Great bustards are large birds found in grasslands from Spain to Mongolia. Males of the Asian subspecies can weigh up to 35 pounds, but females only weigh up to 11 pounds. The significant size difference between males and females makes bustards the most sexually dimorphic avian species on Earth.
Despite their large size, studying and monitoring these birds is no easy feat. Known for their elusive nature and wariness toward humans, Asian bustards are rarely seen with the naked eye. Kessler and her colleagues use spotting-scopes on hillsides to scan valleys in Mongolia, but it may take the team months to capture and tag a single bird.
"The process of capturing these birds requires us to be extremely alert and careful of every footstep and sound we make," Kessler says. "The work is so painstaking that it becomes an obsession. Members of our team often dream about capturing a bustard. And when it does finally happen, it's a real adrenaline rush."
Kessler says great bustards across Eurasia exhibit a range of migratory behavior corresponding to the severity of winter weather. Great bustards found in Spain may travel only about 10 miles annually whereas those in western Russia travel about 600 miles one way to warmer wintering regions.
The Asian subspecies, however, is the marathon runner of the great bustard family.
"In Mongolia, winter temperatures can drop 30 to 50 degrees below zero," Kessler says. "We found that the Asian great bustards travel for an average of two months, covering 1200 miles to reach wintering grounds in Shaanxi province in central China. It's a remarkable journey."
The team also found that the birds tend to migrate in a solitary fashion, making multiple long stopovers during their journey. The routes and wintering grounds are subject to change every year, leaving researchers no choice but to track each tagged bird individually.
Kessler says the findings are not only the first of their kind, since research regarding Asian great bustards is scarce, but also offer an insight into the challenges the Asian bustard subspecies and conservationists face.
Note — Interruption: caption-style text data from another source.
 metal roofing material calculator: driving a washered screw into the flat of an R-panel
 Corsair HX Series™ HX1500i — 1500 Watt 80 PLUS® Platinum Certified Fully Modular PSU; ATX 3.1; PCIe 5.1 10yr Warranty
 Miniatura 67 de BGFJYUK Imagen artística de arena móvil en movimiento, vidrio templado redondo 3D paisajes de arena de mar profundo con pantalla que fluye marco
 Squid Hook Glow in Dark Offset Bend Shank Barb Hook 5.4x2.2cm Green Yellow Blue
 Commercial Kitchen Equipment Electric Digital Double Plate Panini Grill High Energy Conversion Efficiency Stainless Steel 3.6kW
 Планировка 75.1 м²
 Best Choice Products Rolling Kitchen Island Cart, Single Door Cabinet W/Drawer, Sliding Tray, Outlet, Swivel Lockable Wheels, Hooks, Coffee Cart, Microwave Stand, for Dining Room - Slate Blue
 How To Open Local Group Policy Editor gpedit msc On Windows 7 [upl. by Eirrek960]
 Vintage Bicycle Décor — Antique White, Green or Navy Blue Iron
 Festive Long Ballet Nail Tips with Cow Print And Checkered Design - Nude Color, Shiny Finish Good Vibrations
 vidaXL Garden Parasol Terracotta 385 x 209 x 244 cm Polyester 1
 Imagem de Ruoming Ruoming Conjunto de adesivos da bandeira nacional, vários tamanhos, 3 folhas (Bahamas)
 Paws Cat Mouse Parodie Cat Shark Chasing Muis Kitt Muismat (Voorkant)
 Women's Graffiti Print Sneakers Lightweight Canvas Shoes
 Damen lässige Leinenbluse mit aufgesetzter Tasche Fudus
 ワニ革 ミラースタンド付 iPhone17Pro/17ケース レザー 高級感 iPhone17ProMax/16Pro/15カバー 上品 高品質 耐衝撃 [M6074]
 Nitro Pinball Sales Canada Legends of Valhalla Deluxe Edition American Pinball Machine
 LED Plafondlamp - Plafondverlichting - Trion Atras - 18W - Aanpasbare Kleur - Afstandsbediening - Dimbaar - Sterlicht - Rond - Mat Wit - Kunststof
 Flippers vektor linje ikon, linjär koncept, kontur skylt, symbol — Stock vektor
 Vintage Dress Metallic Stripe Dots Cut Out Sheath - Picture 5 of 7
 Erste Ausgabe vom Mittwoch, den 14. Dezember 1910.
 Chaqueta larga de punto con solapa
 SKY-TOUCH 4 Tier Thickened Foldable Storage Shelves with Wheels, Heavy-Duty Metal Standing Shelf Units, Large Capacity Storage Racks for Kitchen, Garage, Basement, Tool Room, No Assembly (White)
"Asian great bustards are a threatened species in Mongolia," Kessler says. "They face several dangers, including poaching for sport or sale of meat to exotic food markets in China. The birds have a low reproductive rate; adults raise just one or two chicks to maturity every 10 years, making hunting unsustainable. Bustards are also less maneuverable due to their large size which makes collisions with power lines and overhead cables a serious threat."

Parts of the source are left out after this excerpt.